A quest can be defined as a long or arduous (great labor or effort) search for something; while politicians, advocates and lobbyist spend much time, money and effort in their quest to win us over to a particular candidate or issue, it is also a quest for the voters to bring the election to a close after enduring so many campaign promises and criticism lead by all parties to sway voters in a certain direction; alas, in about five more days, the quest will be over for all in this 2014 mid-term general election. “A quest for leadership and direction in America”.
In St. Lucie County, according to the Supervisor of Elections for St. Lucie, there are 182,866 total registered voters; as of today’s date Oct. 30th a total of 38,399 registered voters have cast their ballots for their choice of those to run the government of the people on the local, state and federal levels. Votes cast to date by mail are 25,658; early voting participation at 12,730 and provisional ballots at 11.
Election day on this coming Tuesday, Nov. 4th should give a big surge in the voter participation for St. Lucie County as many citizens prefer to exercise their right and privilege to vote in person, being very symbolic of the oppression endured in ascertaining, obtaining, and maintaining this freedom to vote for who and what you choose in America to represent the will of the people without any hindrances or obstructions.
Mid-terms are historically known for poor voter turnout but let’s hope the 2014 mid-term general election will exceed expectations!
FYI: What is a Provisional Ballot (According to Florida Statutes)?
A voter who claims to be properly registered in the state and eligible to vote at the precinct but whose eligibility cannot be determined, or a voter whom an election official asserts is not eligible shall be allowed to vote a provisional ballot. A first-time voter, who registered by mail and has not previously provided the required identification to the Supervisor of Elections Office, will be asked to vote a provisional ballot.
If your eligibility to vote cannot be determined, you will be allowed to vote a provisional ballot but residence address must be within the precinct in which you vote. A person casting a provisional ballot may present written evidence supporting his or her eligibility to vote to the Supervisor of Elections by no later than 5:00 p.m. on the second day following an election.
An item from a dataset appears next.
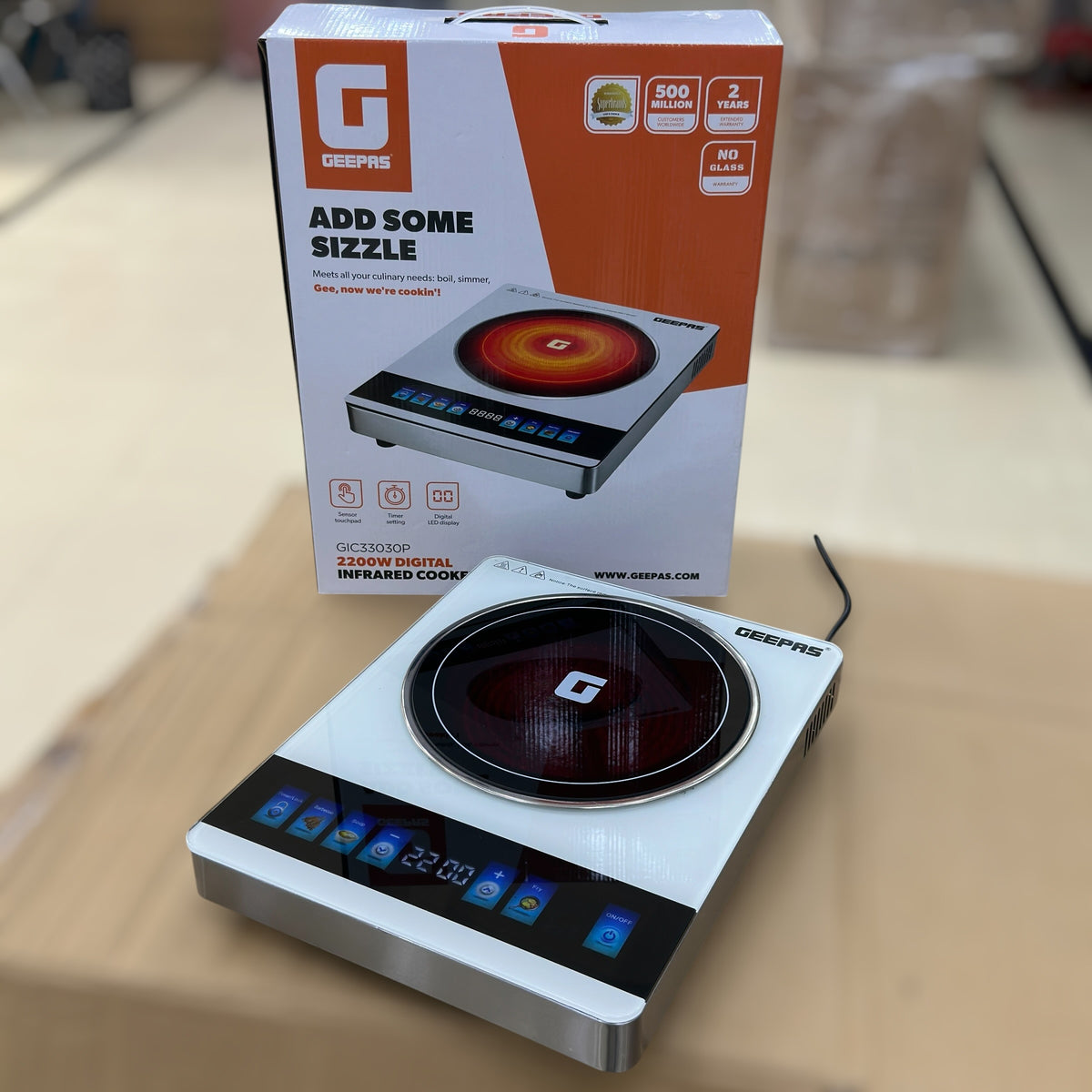 Geepas Digital Infrared Cooker GIC33030P 2200W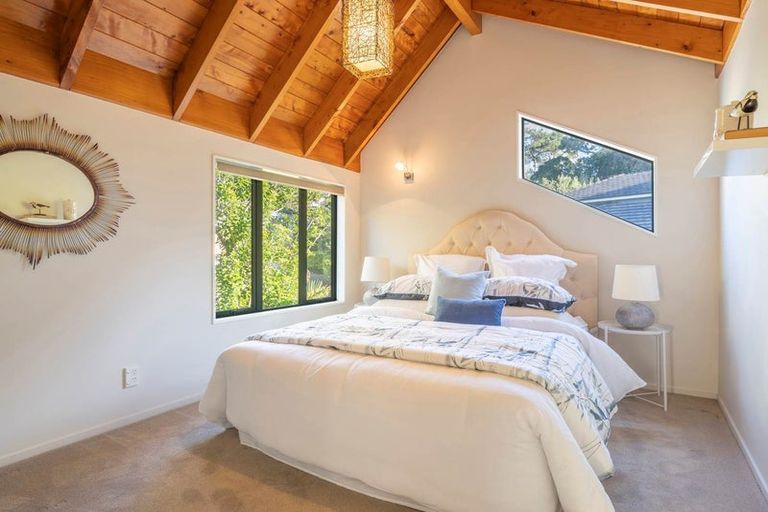 Photo of property in 6 Tree Fern Trail, Campbells Bay, Auckland, 0630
At the time of voting, all provisional ballot voters are to be given a written notice of rights including whether or not he or she has to present further evidence of eligibility and how to find out if his or her provisional ballot was counted, and if not the reason(s) why.
If you voted a provisional ballot solely because you did not bring photo and signature identification to the polls, you do not have to present further evidence of eligibility. The local canvassing board will simply compare your signature on the provisional ballot certificate with your signature on the voter registration record. If the signatures match, your provisional ballot will count.
Rule 1S-2.037 (1), Florida Administrative Code, and section 101.048 (5), F. S.